Non avevano neanche più lacrime.
Silenzio ed emozione avvolgevano il Leon Bianco, quando Pieri Griti pronunciò, con voce marmorea la frase : " Alfonso Cipinelli, eroico soldato, offrì la sua giovane vita per l'unità d'Italia e Roma capitale".
Sapeva che quel tono e quelle parole avrebbero portato ad un grande applauso, associando gli avventori del Leon Bianco e del caffè Pignoni, applauso accompagnato da evviva in tante direzioni, al Re, alla Patria, all'unità, a Roma capitale, forse anche ad Alfonso.
Ma non era ciò che voleva. Un no imperioso bloccò sul nascere gli applausi, "no, la storia non è finita".

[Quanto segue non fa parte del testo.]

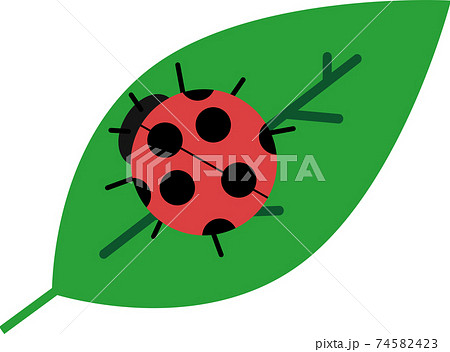 葉っぱと可愛いてんとう虫のイラスト素材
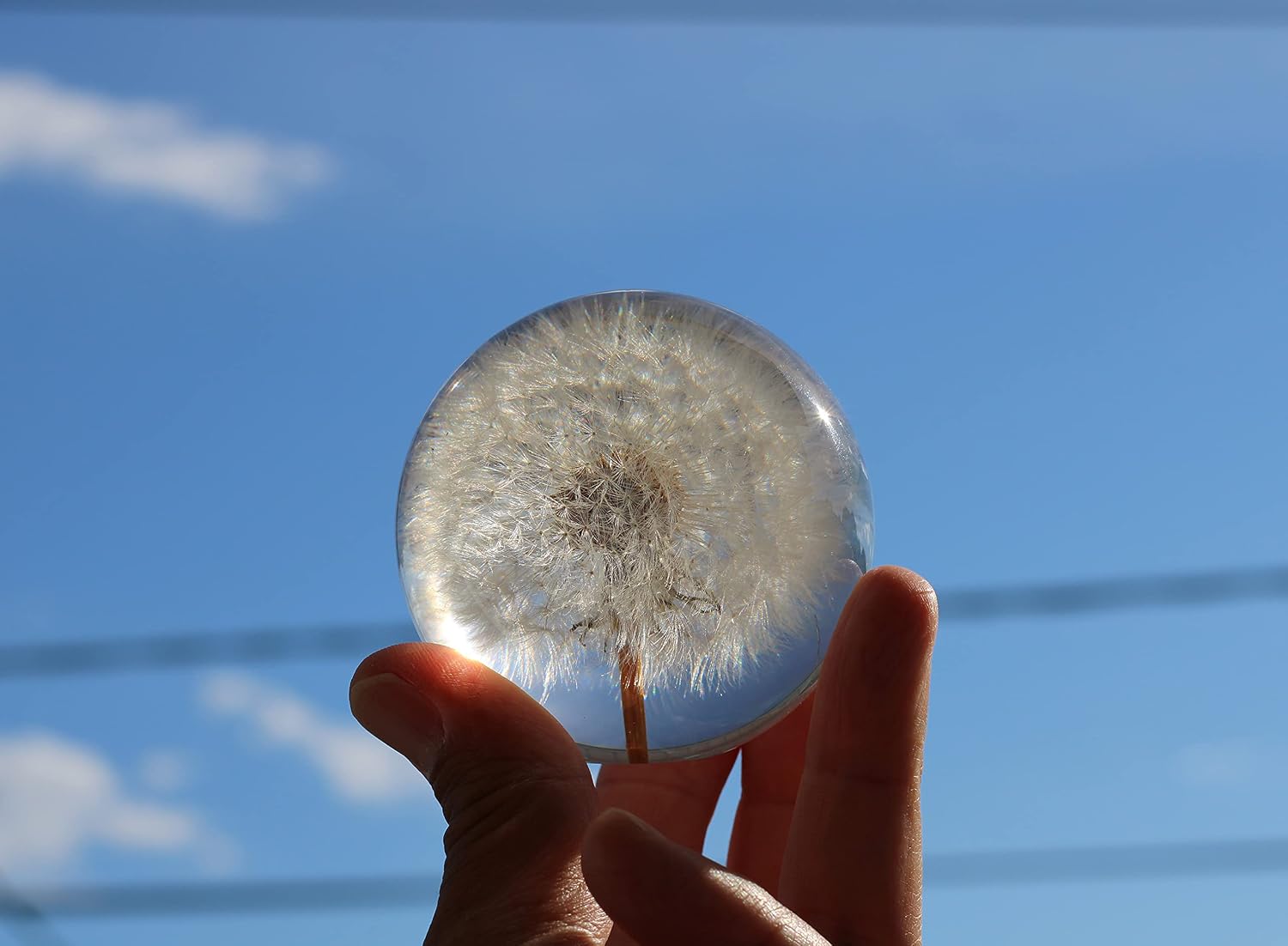 COREFLEX Real Dandelion Paperweight in Resin Ball in Gift Box 70mm Office Decoration Birthday Wedding Valentine's Day Gift - Image 4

Qualche anno dopo la Deputazione Comunale di Tricesimo decise di dedicare una piazza e una lapide a un grandissimo patriotta : Giuseppe Garibaldi, appena morto a Caprera.
L'accordo fu unanime, ma le cose si ingarbugliarono quando un giovane e ingenuo membro della Deputazione volle allargare l'iniziativa patriottica. Perchè non utilizziamo questa circostanza per dedicare un piccolo ricordo anche a un tricesimano conquistatore e martire di Porta Pia.
Una piccola scritta accanto alla grande lapide di Garibaldi, che ricordi Alfonso Cipinelli.
Apriti cielo. Dopo il primo attimo di sgomento, le voci degli Onorevoli Delegati, si rincorrono, montano una sull'altra, si rilanciano a vicenda.
Ma non è neanche di Tricesimo. Non sappiamo neanche come è morto. Cipinelli chi, il Venturin? Cosa c'entra con Garibaldi. Alla fine, bigotti e notabili, furono tutti d'accordo.
Tutti patriotti, alcuni garibaldini, alcuni addirittura massoni, ma tutti persone per bene.
La lapide è ancora là, sulla facciata di casa Bisutti " A Giuseppe Garibaldi onore del secolo, onore del genere umano".
Concludeva Griti : destino è destino.

Lucia, sempre più austera e affascinante, sempre più lontana, che conduce con autorevolezza l'osteria dopo la morte del padre, ricorda con tenerezza i capelli chiari di Alfonso e gli sguardi scambiati.